Martin Luther, not too kindly nor with religious tolerance wrote: "The Pope and the Cardinals ... since they are blasphemers, their tongues ought to be torn out through the back of their necks, and nailed to the gallows!"
Against the Papacy of Rome, Founded by the Devil, a 1545 anti-papal pamphlet by Martin Luther.

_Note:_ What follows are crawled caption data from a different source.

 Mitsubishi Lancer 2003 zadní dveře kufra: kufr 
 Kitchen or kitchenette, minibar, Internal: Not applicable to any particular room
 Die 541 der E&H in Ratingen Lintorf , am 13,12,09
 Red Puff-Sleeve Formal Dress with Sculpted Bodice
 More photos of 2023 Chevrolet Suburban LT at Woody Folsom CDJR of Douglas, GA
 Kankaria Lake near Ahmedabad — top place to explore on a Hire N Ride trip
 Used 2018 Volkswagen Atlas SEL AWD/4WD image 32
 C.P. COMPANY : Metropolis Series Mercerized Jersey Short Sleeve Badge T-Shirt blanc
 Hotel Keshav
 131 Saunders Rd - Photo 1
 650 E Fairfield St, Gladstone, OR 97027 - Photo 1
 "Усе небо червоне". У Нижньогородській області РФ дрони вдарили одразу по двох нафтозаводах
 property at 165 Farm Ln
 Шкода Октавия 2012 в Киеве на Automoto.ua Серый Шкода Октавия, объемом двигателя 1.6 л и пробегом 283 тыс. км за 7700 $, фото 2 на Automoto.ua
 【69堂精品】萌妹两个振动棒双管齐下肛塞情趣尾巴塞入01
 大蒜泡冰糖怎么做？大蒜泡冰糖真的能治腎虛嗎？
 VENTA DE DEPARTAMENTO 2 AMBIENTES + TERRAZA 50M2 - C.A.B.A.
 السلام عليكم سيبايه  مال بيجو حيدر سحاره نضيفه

Huldrych (or Huldrych or Ulrich) Zwingli, a leader of the Reformation in Switzerland (1484-1531), declared the massacre of the bishops for the sake of the gospel. (Johannes Janssen,
Zwingli's Works V, p. 180;
Zwingli's Works VII, p. 174-184) By 1528, Zwingli’s treatment of Anabaptists hadn’t improved since 1525, for his town council ordered 170 heretics burnt through the cheeks with hot irons. Some had their tongues cut out, and many were beheaded. (Janssen,
Zwingli's Works V, p. 160)
See:
Selected Works of Huldrich Zwingli - Online Library of Liberty
German Lutheran theologian Johann Matthäus Meyfart spoke about the tortures of Catholics he personally witnessed: “(In) Rome, it is not customary to subject a murderer ... an incestuous person, or an adulterer to torture for the space of more than an hour; but in Germany ... the torture is kept up for a whole day, for a day and a night, for two days ... even also for four days ... after which it begins again. ... There are stories extant so horrible and revolting that no true man can hear of them without a shudder.” (Janssen,
Zwingli's Works XVI, pp. 516-518 and 521)
Sorry, I was on a roll. Now what was it you were saying about Catholic persecutions? There is a principle in law known as "clean hands". Sometimes called the clean hands doctrine or the dirty hands doctrine, it is an equitable defense in which the defendant argues that the plaintiff is not entitled to obtain an equitable remedy because the plaintiff is acting unethically or has acted in bad faith with respect to the subject of the complaint. Before somone says it was payback for centuries of persecution, let me ask: If persecutions by the Catholic Church were wrong (and I agree they were), why were the persecutions under the Reformation similarly not wrong? At this point, I think it would be a good idea to go to your Bible and look up: Romans 12:17-19 and Deuteronomy 32:35.